METHOD AND APPARATUS WITH VISUAL MEDIUM GENERATION

Publication number:

US20250356464

Publication date:
Section:

Physics

Class:

G06T5/60

Inventors:

Assignee:

Applicant:

Smart overview of the Invention

The invention pertains to a processor-implemented method and apparatus for generating visual media. It involves obtaining prompts that specify various levels of image quality and using these prompts to create multiple visual media of the same content. The process employs a visual medium generation model trained with a loss function that evaluates the difference between the output's image quality and the quality level specified by the prompt.

Technological Context

Visual medium generation technology leverages computer systems to create images or videos, applicable across numerous fields. This encompasses machine learning models such as generative adversarial networks (GANs), transformer-based models, and diffusion models. These technologies are integral in 2D and 3D modeling, rendering, animation, and other computer graphics applications, providing essential data for training visual medium-related models.

Methodology

The method involves fine-tuning a pre-trained generative model using a loss function that measures the discrepancy between the generated media's quality and the prompt-specified quality. Prompts can contain information about multiple image quality elements, allowing for varied quality levels across different prompts.

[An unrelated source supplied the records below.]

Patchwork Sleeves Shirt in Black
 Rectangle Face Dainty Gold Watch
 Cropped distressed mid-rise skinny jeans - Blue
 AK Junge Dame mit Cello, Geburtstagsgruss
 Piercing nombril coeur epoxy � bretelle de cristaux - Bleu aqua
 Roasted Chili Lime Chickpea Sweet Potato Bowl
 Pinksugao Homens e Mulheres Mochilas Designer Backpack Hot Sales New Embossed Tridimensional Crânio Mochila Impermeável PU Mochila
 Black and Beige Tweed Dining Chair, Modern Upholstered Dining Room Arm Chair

Training data is generated by applying these prompts to produce visual media, which is then used to train a visual medium-based model.

Model Training

Training of the visual medium-based model includes using prompts to generate ground truth (GT) data for image quality evaluation. The model can generate comparative evaluation data or improve the image quality of inputs based on prompts. An image quality improvement prompt can transform media from one quality level to another, determined by comparing two prompts' relative superiority.

Apparatus Configuration

The apparatus comprises processors configured to handle prompts and generate corresponding visual media. These processors fine-tune generative models using a loss function that assesses quality differences between outputs and input prompts. They also generate training data for visual medium-based models, facilitating various evaluations and improvements in image quality.